ORP " Groźny" 351

ORP " Groźny" 351
Był moim domem przez kilka lat.

sobota, 3 października 2020

Maszerowali wyprostowani, jak na defiladzie, z bronią w ręku i hardymi minami


Powstańcy warszawscy, po 63 dniach heroicznego boju idą do niemieckiej niewoli.
Jak wspominał Bronisław Troński: "Kroczyliśmy przez wymarłe ulice. Opuszczone domy ziały smutkiem. Pozostawiliśmy za sobą krótką, porywającą swym tchnieniem wolność, kipiące wydarzeniami dni, i tygodnie pełne nadziei, wzlotów i upadków. Rachunek jednak nie został zamknięty."
Batalion „Gurt” natomiast idąc do niewoli niósł przymocowaną do długiego drzewca polską flagę. „Zdenerwowała niemieckich żołnierzy, pokrzykiwali ze złością – die Fahne weg, die Fahne weg, ale żaden nie odważył się siłą wyciągnąć flagi ze zwartej kolumny maszerujących.” Gdy kolumna powstańców mijała jednego z niemieckich żołnierzy, ten „pochylił nisko głowę, by ukryć łzy, spływające po twarzy.

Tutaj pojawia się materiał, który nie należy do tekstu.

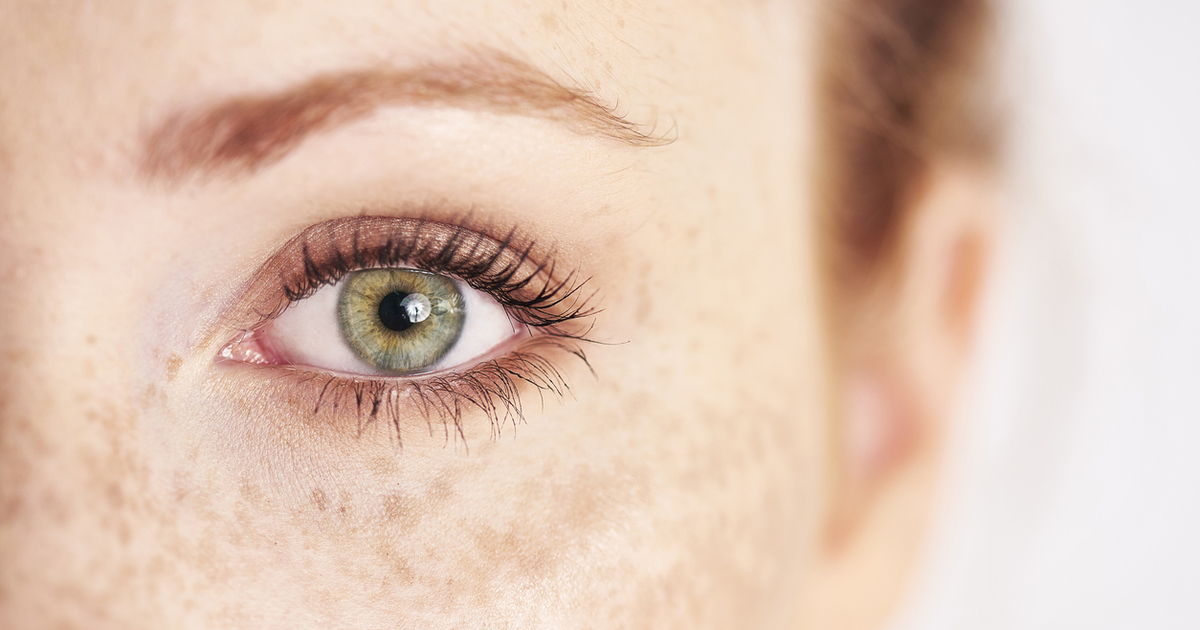 Почему появляются веснушки и пигментные пятна и как с ними бороться ...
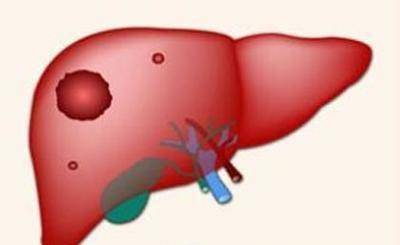 肝脏|肝病来袭并非“静悄悄”！这4类人，还是建议多多检查肝脏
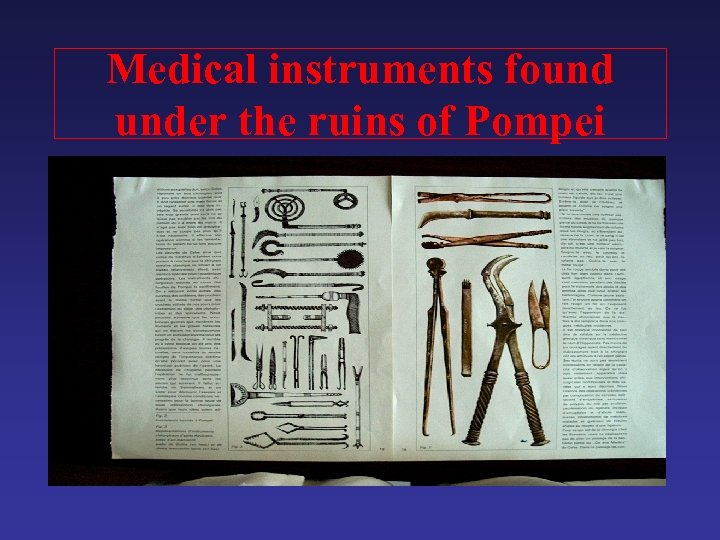 Medical instruments found under the ruins of Pompei 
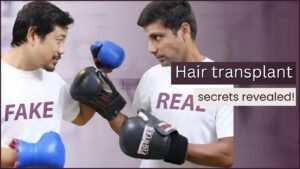 Hair transplant results comparison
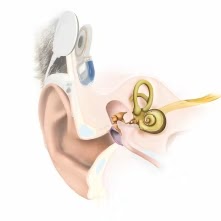 Avantages de l'implant cochléaire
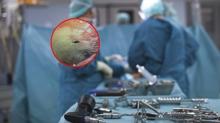 Doktorlar bile g�zlerine inanamad�! Akl�m�za gelmeyen ba��m�za geldi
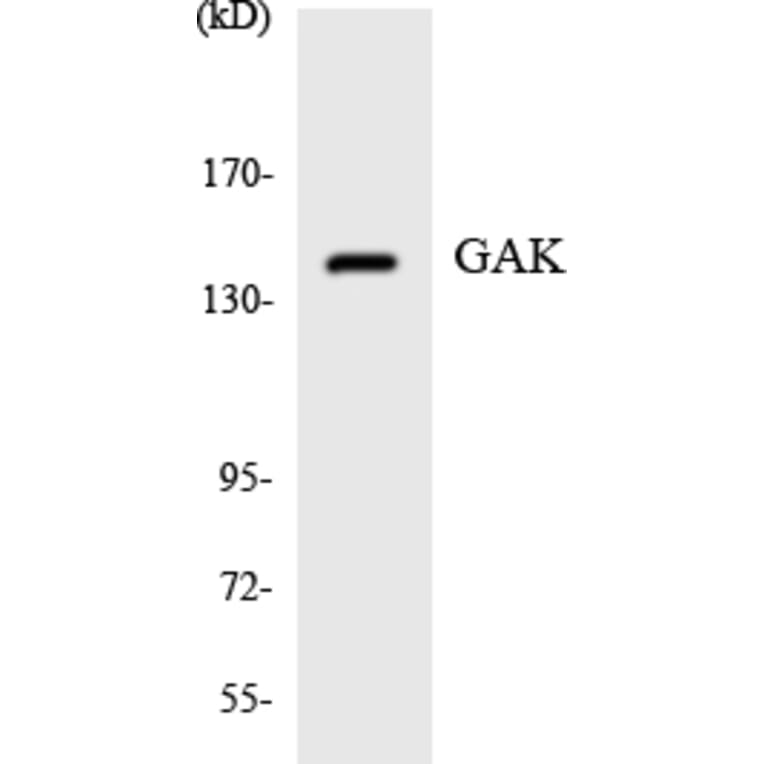 Western Blot - Anti-GAK Antibody (R12-2794) - Antibodies.com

Po chwili odezwał się szeptem po polsku: <<Panie poruczniku, pod niejednym niemieckim mundurem bije polskie serce>>.”
Wchodzący z rannymi Stefan Meissner patrzył z okna szpitala na maszerujących do niewoli kolegów. „Wyglądali bojowo. Maszerowali wyprostowani, jak na defiladzie, z bronią w ręku i hardymi minami. Nie wyglądali wcale na pokonaną armię. Byłem z nich dumny!”